This document shows the profiling of the main classes, methods and functions available in skforecast. Understanding the bottlenecks will help to:
- Use it more efficiently
- Improve the code for future releases
Libraries¶
# Libraries
# ==============================================================================
import time
import numpy as np
import pandas as pd
import matplotlib.pyplot as plt
from skforecast.ForecasterAutoreg import ForecasterAutoreg
from skforecast.ForecasterAutoregCustom import ForecasterAutoregCustom
from skforecast.ForecasterAutoregDirect import ForecasterAutoregDirect
from skforecast.model_selection import grid_search_forecaster
from skforecast.model_selection import backtesting_forecaster
from sklearn.linear_model import LinearRegression
from sklearn.linear_model import Ridge
from sklearn.ensemble import HistGradientBoostingRegressor
from lightgbm import LGBMRegressor
%load_ext pyinstrument
Data¶
A time series of length 1000 with random values is created.
# Data
# ==============================================================================
np.random.seed(123)
n = 1_000
data = pd.Series(data = np.random.normal(size=n))
Dummy regressor¶
To isolate the training process of the regressor from the other parts of the code, a dummy regressor class is created. This dummy regressor has a fit method that does nothing, and a predict method that returns a constant value.

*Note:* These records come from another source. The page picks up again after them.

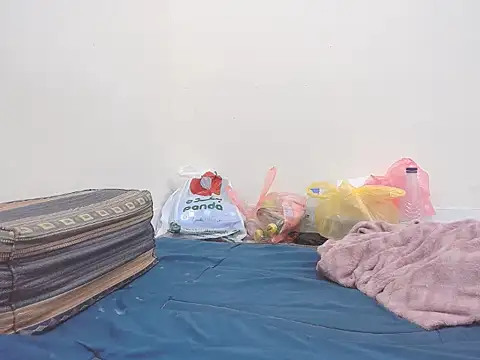 Snapshot of Mulla_indian1988 chatting on October 8, 6:34 pm Mulla indian1988 online show from October 8, 6:34 pm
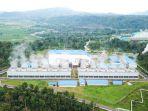 potensi-panas-bumi-di-tanah-air-mencapai-237-gw.jpg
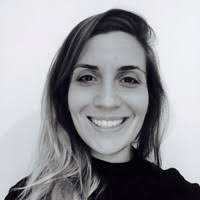 Marla Weinstein's Instagram, Twitter & Facebook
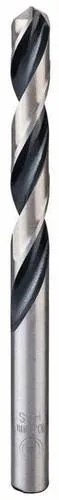 Bosch Accessories 2608577275 2608577275 Metall-Spiralbohrer 10.7mm 5St.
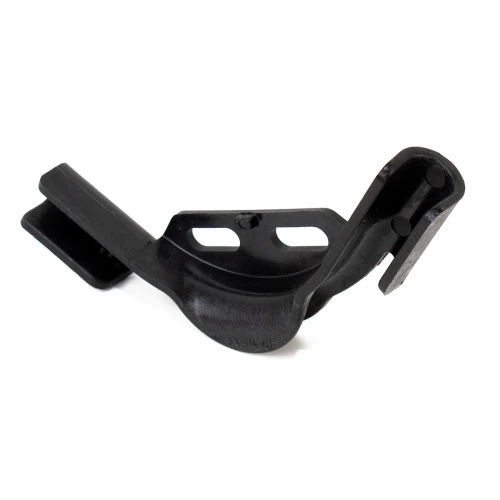 Codo pared-suelo 10-12 mm 25 uds. 000-091 (3)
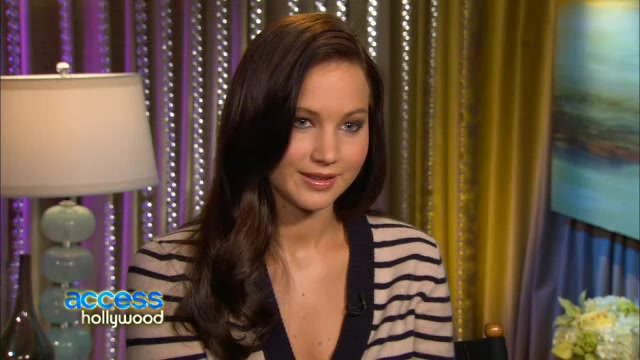 Interview_for_Access_Hollywood_about_X-Men_First_Class_28221229_.jpg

class DummyRegressor(LinearRegression):
"""
Dummy regressor with dummy fit and predict methods.
"""
def fit(self, X, y):
pass
def predict(self, y):
predictions = np.ones(shape = len(y))
return predictions
Profiling fit¶
%%pyinstrument
forecaster = ForecasterAutoreg(
regressor = DummyRegressor(),
lags = 24
)
forecaster.fit(y=data)
Almost all of the time spent by fit is required by the create_train_X_y method.
%%pyinstrument
forecaster = ForecasterAutoreg(
regressor = HistGradientBoostingRegressor(max_iter=10, random_state=123),
lags = 24
)
forecaster.fit(y=data)
When training a forecaster with a real machine learning regressor, the time spent by create_train_X_y is negligible compared to the time needed by the fit method of the regressor. Therefore, improving the speed of create_train_X_y will not have much impact.

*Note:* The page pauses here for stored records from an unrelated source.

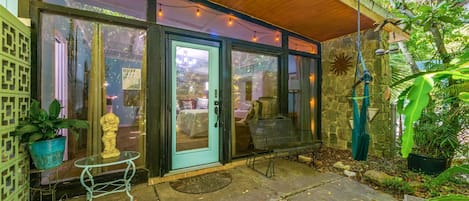 4-web-or-mls-707-richard-jackson-blvd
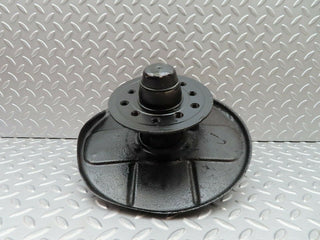 5521 Mercedes-Benz W114 280CE Front Left Wheel Hub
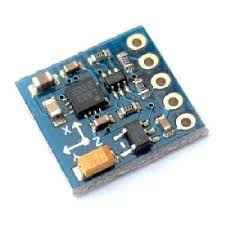 
	تحقیق طرز کار فرستنده fm
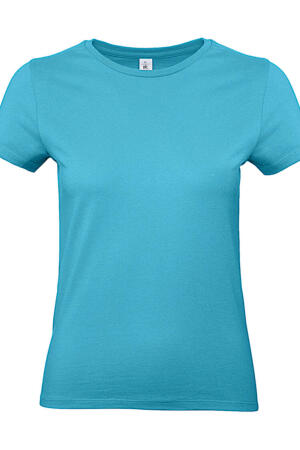 #E190 /women T-Shirt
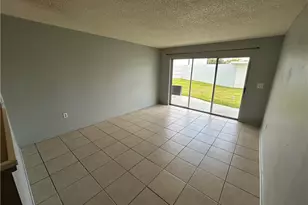 3704 Broadway, Fort Myers, FL 33901 - Photo 1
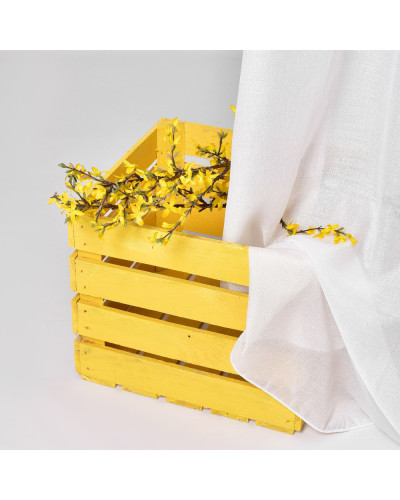 Штори IDEIA    IDKLC1018981*001 купити у Postel.biz.ua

Profiling create_train_X_y¶
Understand how the create_train_X_y method is influenced by the length of the series and the number of lags.
# Profiling `create_train_X_y` for different length of series and number of lags
# ======================================================================================
series_length = np.linspace(1000, 1000000, num=5, dtype=int)
n_lags = [5, 10, 50, 100, 200]
results = {}
for lags in n_lags:
execution_time = []
forecaster = ForecasterAutoreg(
regressor = DummyRegressor(),
lags = lags
)
for n in series_length:
y = pd.Series(data = np.random.normal(size=n))
tic = time.perf_counter()
_ = forecaster.create_train_X_y(y=y)
toc = time.perf_counter()
execution_time.append(toc-tic)
results[lags] = execution_time
results = pd.DataFrame(
data = results,
index = series_length
)
results
| 5 | 10 | 50 | 100 | 200 | |
|---|---|---|---|---|---|
| 1000 | 0.001328 | 0.000788 | 0.000817 | 0.002116 | 0.003013 |
| 250750 | 0.008482 | 0.023412 | 0.126703 | 0.255135 | 0.508422 |
| 500500 | 0.015588 | 0.052422 | 0.255091 | 0.506566 | 0.998829 |
| 750250 | 0.024476 | 0.067499 | 0.383377 | 0.749951 | 1.481535 |
| 1000000 | 0.030307 | 0.091011 | 0.492627 | 0.991524 | 2.012482 |
fig, ax = plt.subplots(figsize=(7, 4))
results.plot(ax=ax, marker='.')
ax.set_xlabel('length of series')
ax.set_ylabel('time (seconds)')
ax.set_title('Profiling create_train_X_y()')
ax.legend(title='number of lags');
Profiling predict¶
forecaster = ForecasterAutoreg(
regressor = DummyRegressor(),
lags = 24
)
forecaster.fit(y=data)
%%pyinstrument
_ = forecaster.predict(steps=1000)
forecaster = ForecasterAutoreg(
regressor = HistGradientBoostingRegressor(max_iter=10, random_state=123),
lags = 24
)
forecaster.fit(y=data)
%%pyinstrument
_ = forecaster.predict(steps=1000)
Inside the predict method, the append action is the most expensive but, similar to what happen with fit, it is negligible compared to the time need by the predict method of the regressor.